Problem statement: Copy out each line below verbatim, skipping any picture.

Given data:

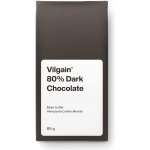 Vilgain 80% hořká čokoláda 85 g – Zbozi.Blesk.cz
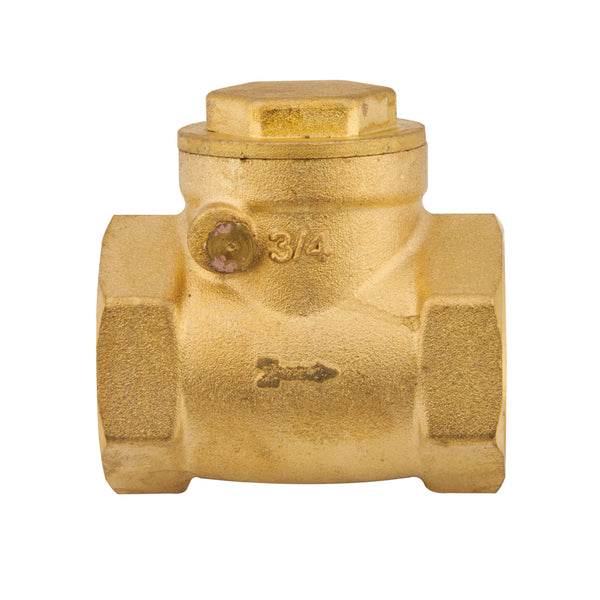Brass Non Return Valve 20mm
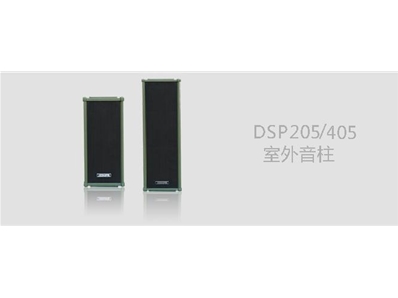 DSP205/405室外音柱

Task answer:
 Vilgain 80% hořká čokoláda 85 g – Zbozi.Blesk.cz
Brass Non Return Valve 20mm
 DSP205/405室外音柱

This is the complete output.